En réponse à la chronique d’Yves Boisvert, « L’industrie de l’action collective – la suite1 », publiée le 12 mai

Comme survivant des abus des Clercs de Saint-Viateur (CSV) et membre de l’action collective contre eux, j’ai été interpellé par la chronique d’Yves Boisvert intitulée « L’industrie de l’action collective – la suite1 ».

J’ignorais cette face cachée de l’action collective jusqu’à ce que je consulte les sites web de cabinets d’avocats spécialisés dans ce domaine. J’ai été estomaqué de voir qu’on peut y magasiner parmi une multitude d’actions collectives pour des problèmes liés à des objets de consommation courante (capsules de café, téléphones, services financiers, automobiles, électroménagers, etc.). N’importe qui peut s’y inscrire, souvent sans preuves, en espérant recevoir une petite compensation tandis que le cabinet d’avocats recevra de 20 % à 30 % du montant total malgré des risques et des efforts souvent minimes de sa part. Maintenant je comprends mieux le point de vue de M. Boisvert.

Naïvement, je croyais que le mécanisme d’action collective visait simplement à équilibrer les forces en permettant à des gens lésés par une entité ayant de grands moyens juridiques et financiers de se regrouper afin d’obtenir compensation pour des torts majeurs.

C’est pour cette raison que je me suis inscrit à l’action collective contre les CSV. J’admets que j’ai sourcillé en voyant que les honoraires de la firme d’avocats seraient d’un maximum de 25 % du montant de l’entente.

Mais, comme ma motivation n’était pas pécuniaire, j’ai choisi de m’inscrire au recours collectif pour me libérer de ce secret que je portais depuis plus de 65 ans en nommant mes agresseurs et en disant le tort que leurs abus m’ont causé.

J’espérais surtout obtenir des CSV la reconnaissance de leur aveuglement face aux abus commis par les prédateurs sexuels qu’ils abritaient et, possiblement, recevoir une compensation financière pour récupérer une partie des presque 100 000 $ dépensés au fil des ans pour composer avec les séquelles de ce traumatisme.

Je salue le professionnalisme, l’empathie et le dévouement de MVirginie Dufresne-Lemire et de MJustin Wee qui, avec leur équipe, ont piloté ce dossier délicat avec doigté afin d’obtenir assez rapidement un très bon règlement à l'amiable tout en préservant notre anonymat grâce à un mécanisme d’adjudication innovateur et, surtout, avec les excuses des CSV.

Je déplore les interventions du « membre dissident » pour faire invalider la convention d’honoraires même si, comme nous tous, il y avait consenti en se joignant à l’action collective. Ses démarches ont entraîné un retard de plus d’un an pour la conclusion de ce douloureux chapitre de la vie de près de 400 personnes.
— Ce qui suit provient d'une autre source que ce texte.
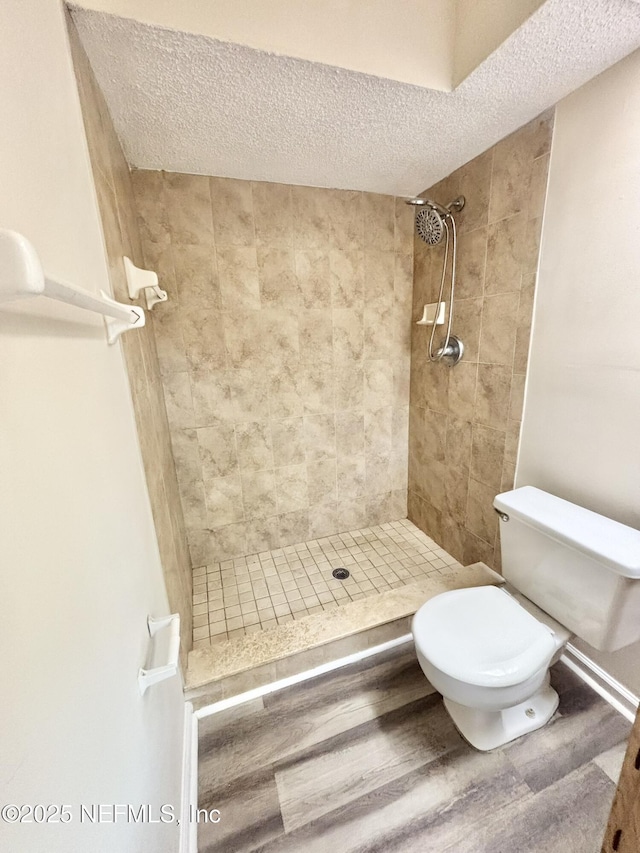 3951 Hunters Lake Cir W, Jacksonville, FL 32210 - bathroom with a shower stall, a textured ceiling, toilet, and wood finished floors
De plus, par l’entremise des chroniques de M. Boisvert, il a remis en cause l’intégrité de jeunes juristes dévoués à la cause des survivants d’agressions sexuelles et les a exposés à des volées de commentaires haineux.

J’admets que les mécanismes de l’action collective doivent être ajustés pour éviter les abus. Cependant, pour l’instant, ce semble être la seule façon pour les survivants d’abus sexuels par les membres du clergé d’obtenir réparation en disant « moi aussi ! » tout en conservant l’anonymat parce que, comme moi jusqu’à tout récemment, beaucoup n’en ont jamais informé leurs proches.